Friday, May 10, 2013

Who's Sorry Now

Linda Greenhouse wrote Who's Sorry Now "So now it turns out that the retired justice, just past her 83rd birthday, does have second thoughts about Bush v. Gore and, more to the point, is willing to express them. She told the editorial board of The Chicago Tribune last week that she thinks the court made a mistake by intervening in the disputed Florida election in the first place. ‘Maybe the court should have said, ‘We’re not going to take it, goodbye,’ ’ she said, as quoted by The Tribune. While Florida’s election officials had ‘kind of messed it up,’ she said, ‘probably the Supreme Court added to the problem at the end of the day.’"

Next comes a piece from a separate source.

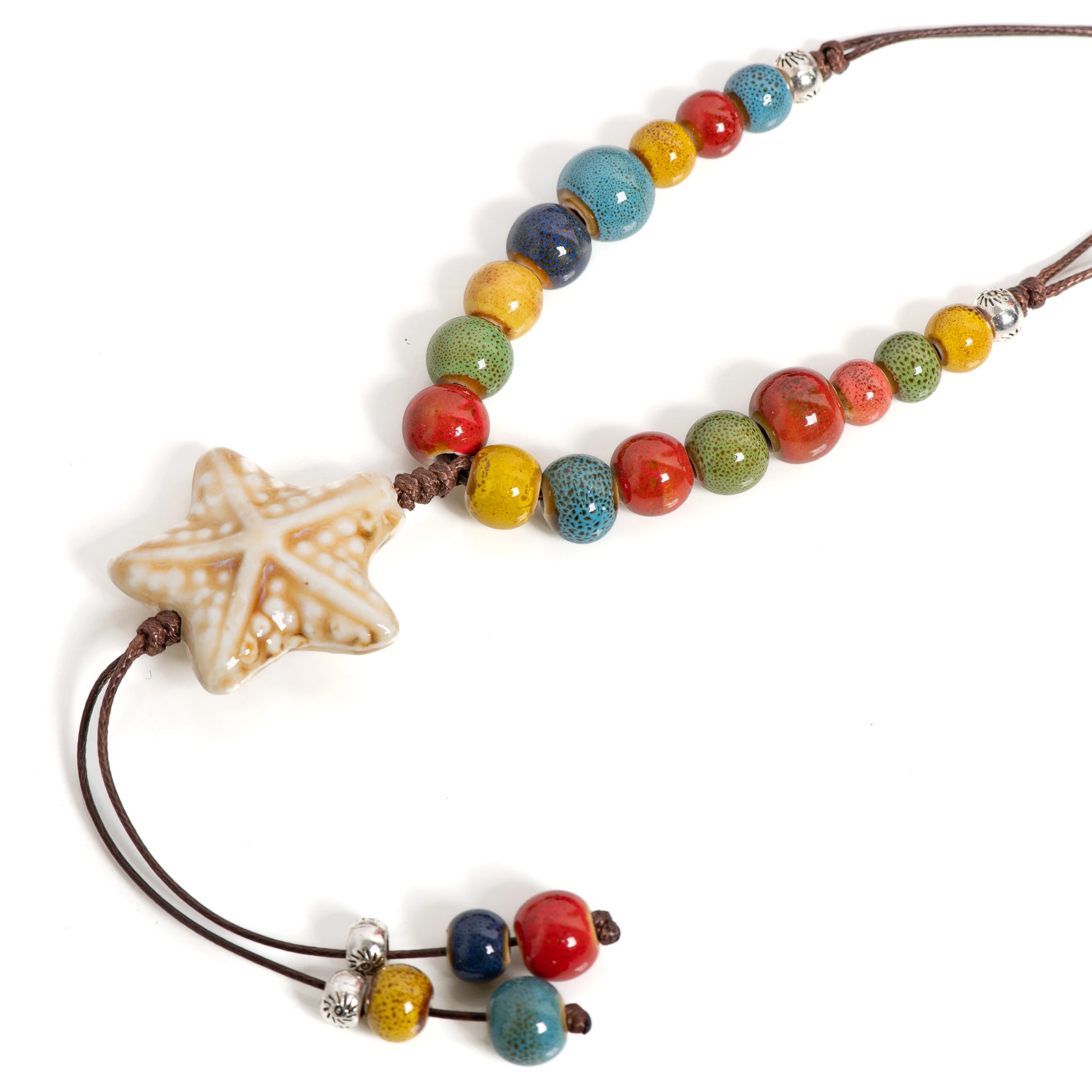 White Star Ceramic Pendant Necklace Handmade Boho Jewelry Colorful Long Adjustable Chain for Women Gifts 1112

She gives a nice little history of other justices who've admitted changing their mind on a decision. I didn't know about Minersville School District v. Gobitis.

"The question was whether school children with religious objections to pledging allegiance to the flag could be required to do so, on pain of expulsion from school. Jehovah’s Witnesses, for whom saluting the flag is unacceptable, challenged the requirement as a violation of the First Amendment right to free exercise of religion."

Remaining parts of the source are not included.